====== DATA SHOWN ======

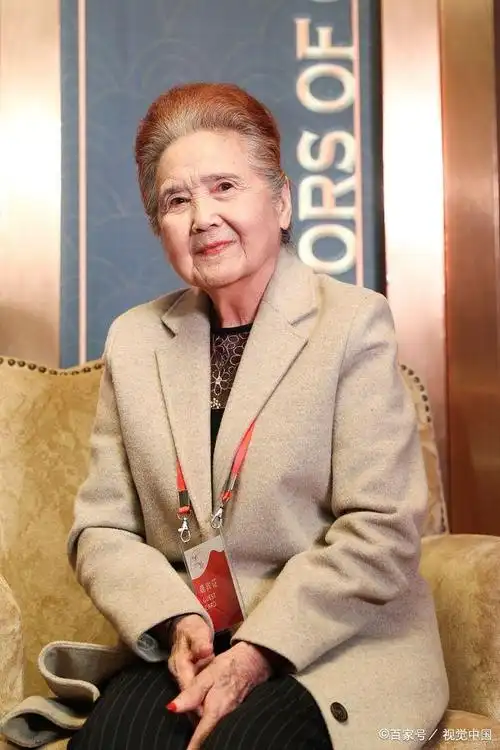 老戏骨鲁园去世享年91岁,曾以78岁高龄成飞天奖最年长视后演员鲁园
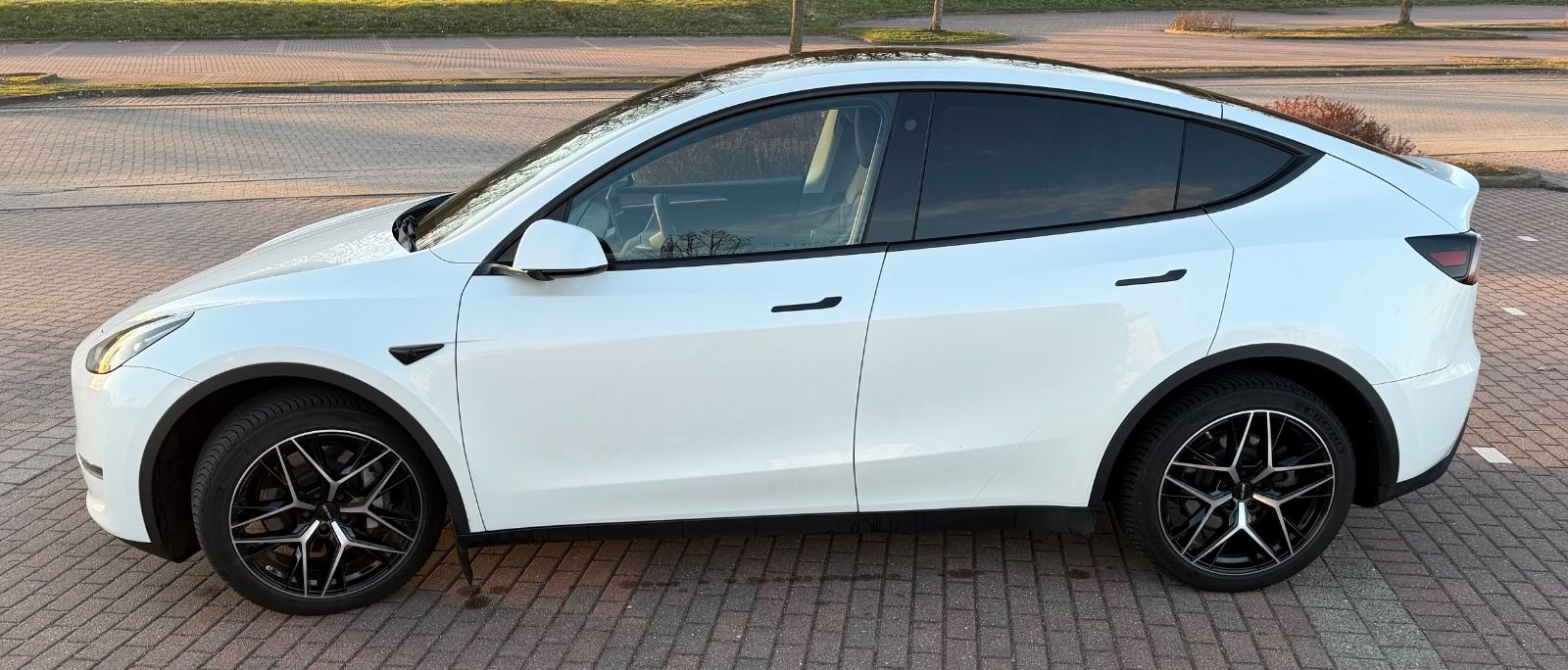 Tesla Model Y Long Range, 12-fach bereift, Vossen HF2 foto 2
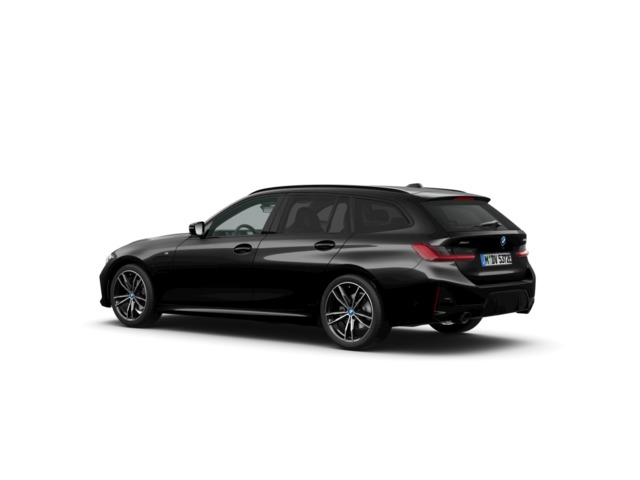 BMW Serie 3 330e Touring color Negro. Año 2024. 215KW(292CV). Híbrido Electro/Gasolina. En concesionario Oliva Motor Girona de Girona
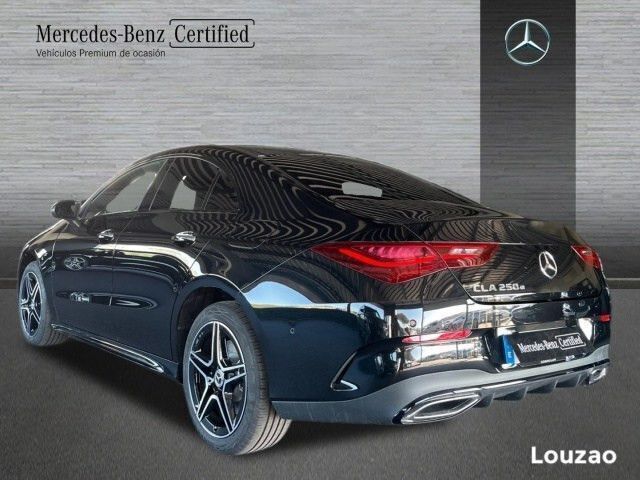 Usado Mercedes CLA250e AMG line 224 CV (164 kW) 2024 Negro Berlina
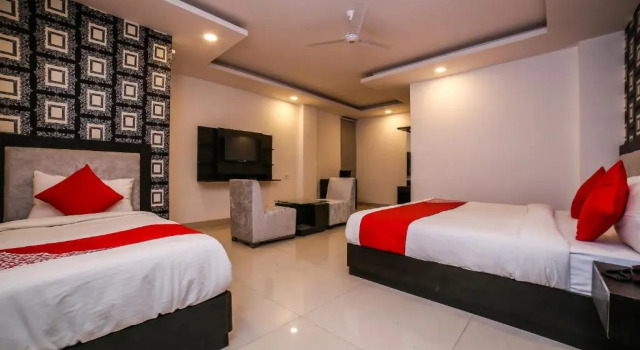 Трёхместный номер Comfort FabHotel Airport Zone Olive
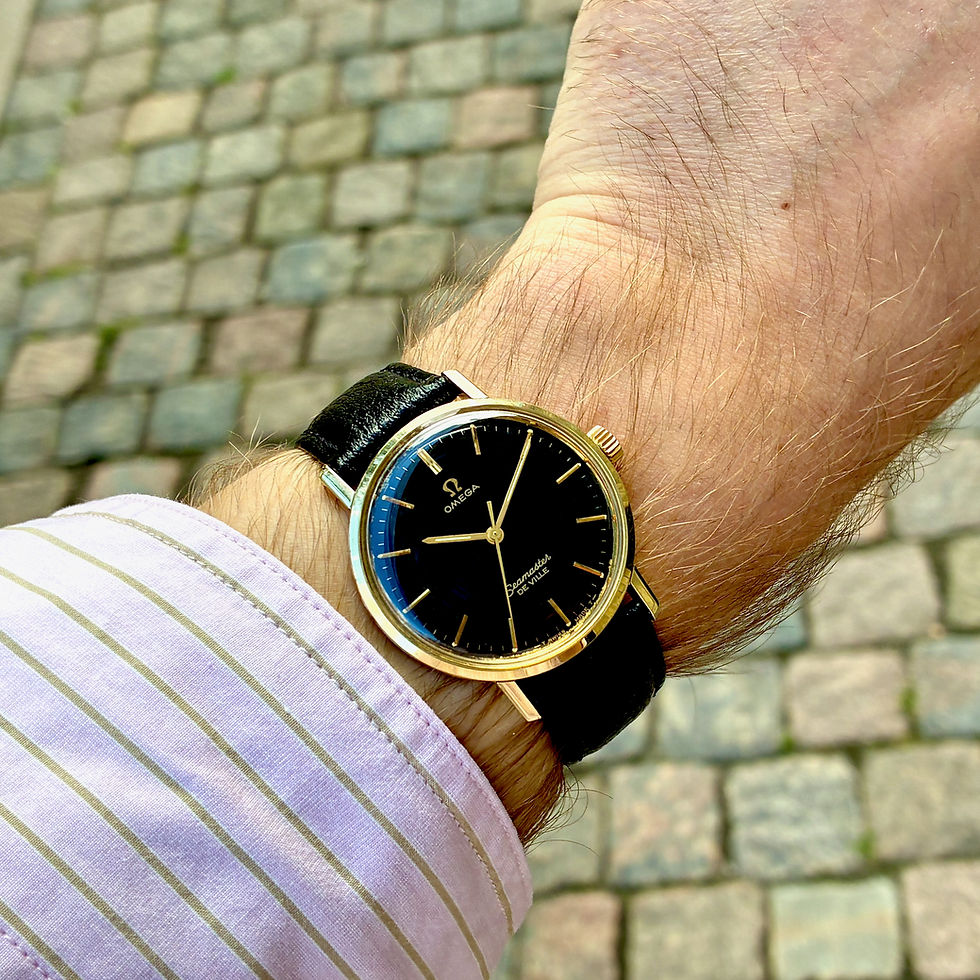 Thumbnail: Vintage Omega Seamaster De Ville Black Dial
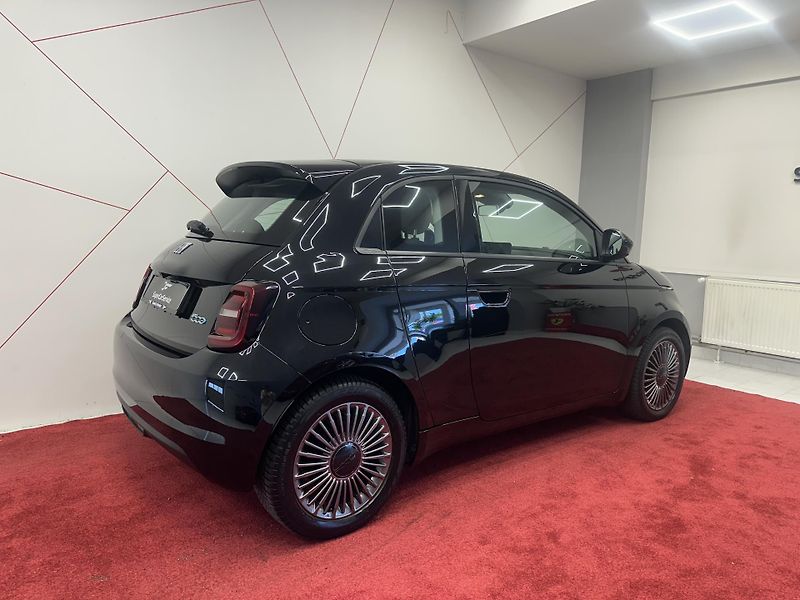 Fiat 500e (2023) 500E 3+1*42kwh*KAMERA*DPH - fotka 4 z 18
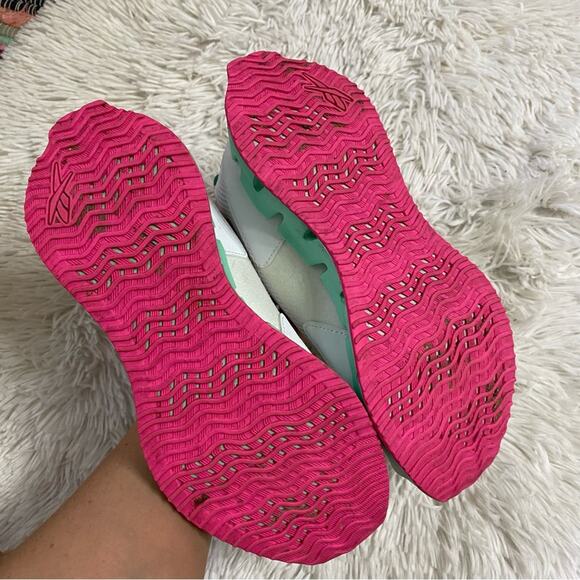 REEBOK • White + Neon Zig Dynamic Running Shoes Sneakers - Picture 7 of 9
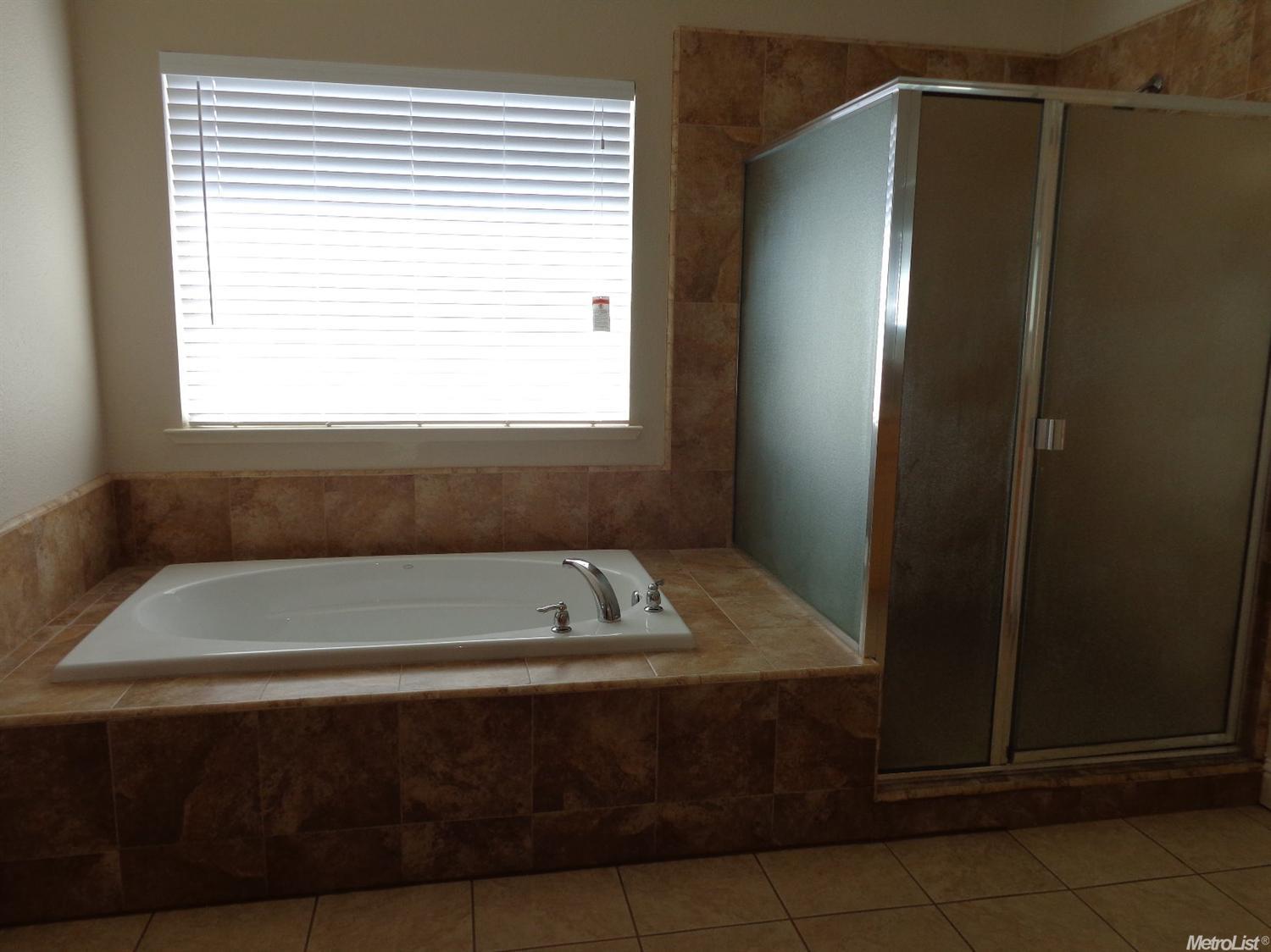 560 Sepp Ct, Ripon, CA 95366 photo 10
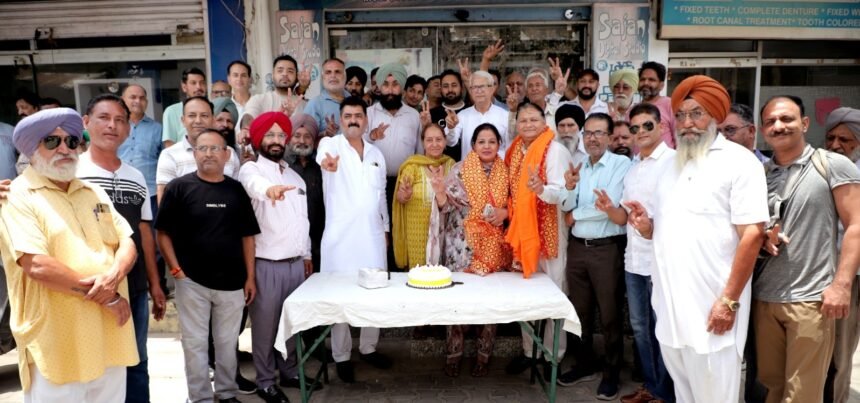 कमेटी बाजार एसोसिएशन ने पार्षद जसलीन कौर, एवं जसविंदर बबला को किया सम्मानित कमेटी बाजार एसोसिएशन ने पार्षद जसलीन कौर, एवं जसविंदर बबला को किया सम्मानित
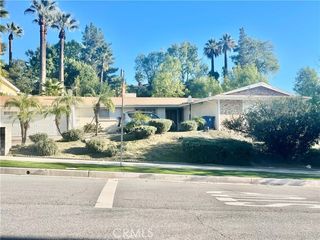 5700 Kelvin, Woodland Hills (los Angeles), CA 91367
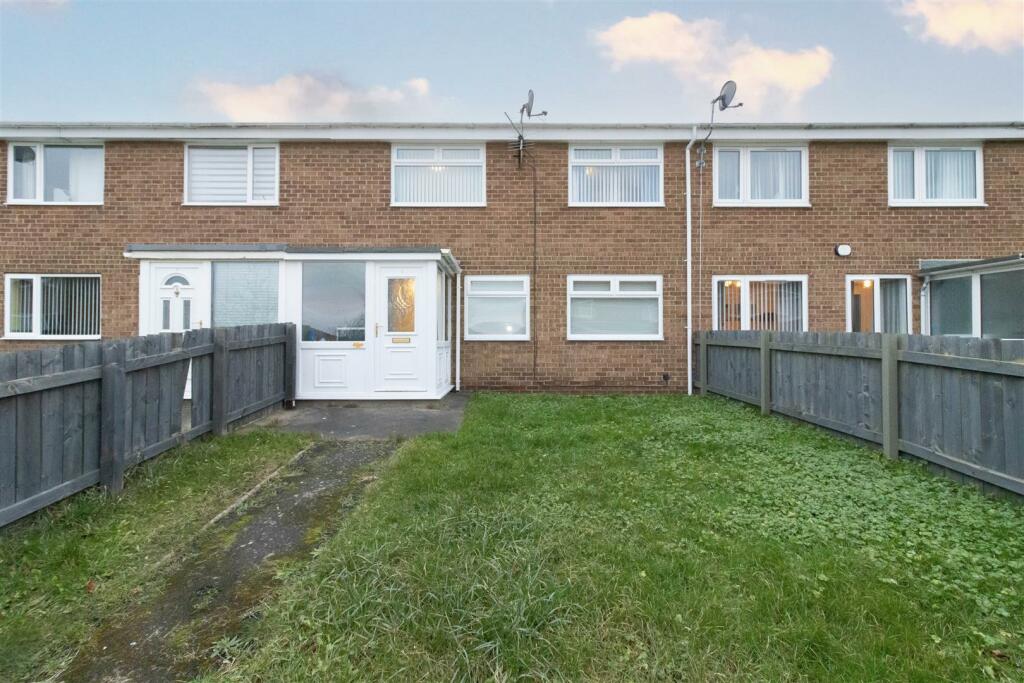 3 bedroom house for sale in Fellside, Birtley, Chester Le Street, DH3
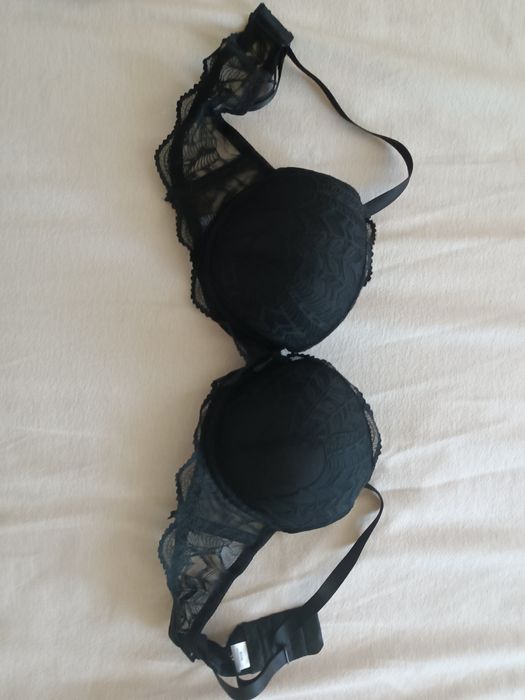 Сутиен с повдигащ ефект 15 лв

======

• REQUIRED WORK:
Please copy exactly the lines from the one containing "3 bedroom house" through the end of the records above, leaving out every picture.

• PROBLEM SOLUTION:
 3 bedroom house for sale in Fellside, Birtley, Chester Le Street, DH3
 Сутиен с повдигащ ефект 15 лв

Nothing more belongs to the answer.